Meanwhile, the German economy remains a major concern for euro traders, with fears that the Eurozone’s powerhouse could face a technical recession today, when the quarter-on-quarter German GDP figures are due to be released.

If the Eurozone’s largest economy descends into a recession the pound to euro exchange rate could edge higher.

So what does all this mean for Britons heading abroad on their holidays and looking to buy travel money?

The Post Office is currently offering a rate of €1.1249 for over £400 and €1.1471 for over £1,000.

With the general election impending and Brexit on the horizon, it can be tricky to know when to buy holiday money at this time of volatility.

Louis Bridger, Head of UK at ICE, said: “Every time there has been added Brexit turbulence, it hasn’t been good news for consumers and their travel money.

“A weaker Pound would, of course, mean more expensive holidays for Britons but our message to travellers is ‘don’t panic’.

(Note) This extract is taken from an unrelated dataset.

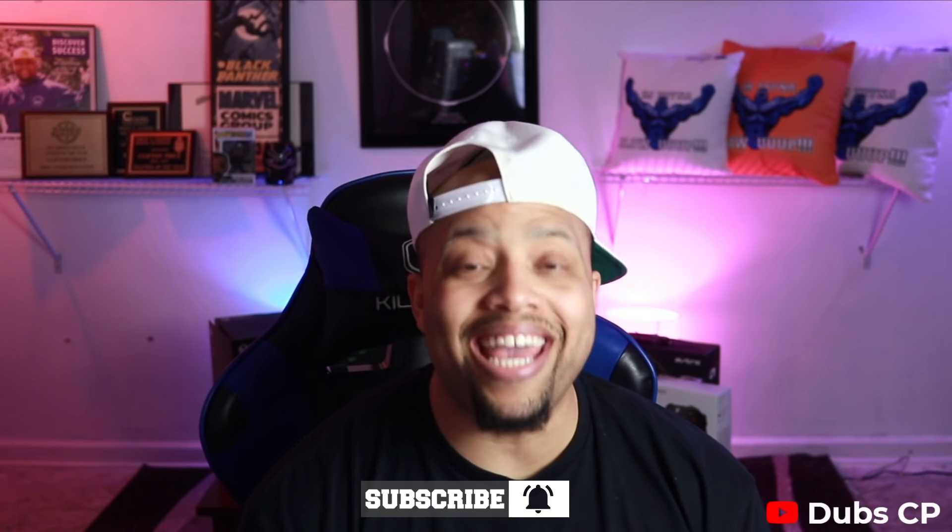I'm so appreciative and humbled by everybody coming through the live stream the other night for the Xbox event. We had 2,400 people in the stream and it was lit. I want the same thing and even better from the PlayStation fans tonight. I got some last-minute tips for y'all to secure this PlayStation 5 tonight during my live stream.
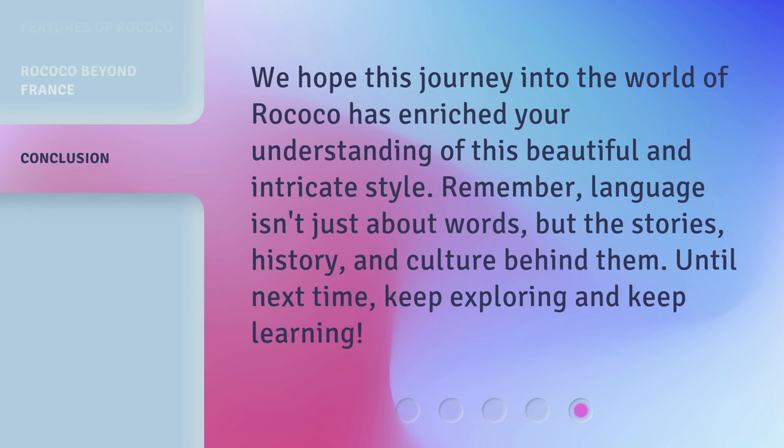We hope this journey into the world of Rococo has enriched your understanding of this beautiful and intricate style. Remember, language isn't just about words, but the stories, history, and culture behind them. Until next time, keep exploring and keep learning.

“While being more financially aware of the economy and its impact on your finances is a good thing, you can still enjoy the things you love and get away on holiday abroad so long as you’re savvy with your spending.”

According to Bridger, the best way to guard against any negative fallout from Brexit is by planning ahead. Given the volatility of the market, it’s a good idea to prepare for a drop in GBP by ordering your money sooner rather than later.

As a general rule, you’ll get a much better rate when you order your travel money online, rather than waiting until you get to the airport.

Furthermore, if you’re worried about exchange rates going up and down amid Brexit uncertainty, you can load your money onto a prepaid travel money card and lock in your rate.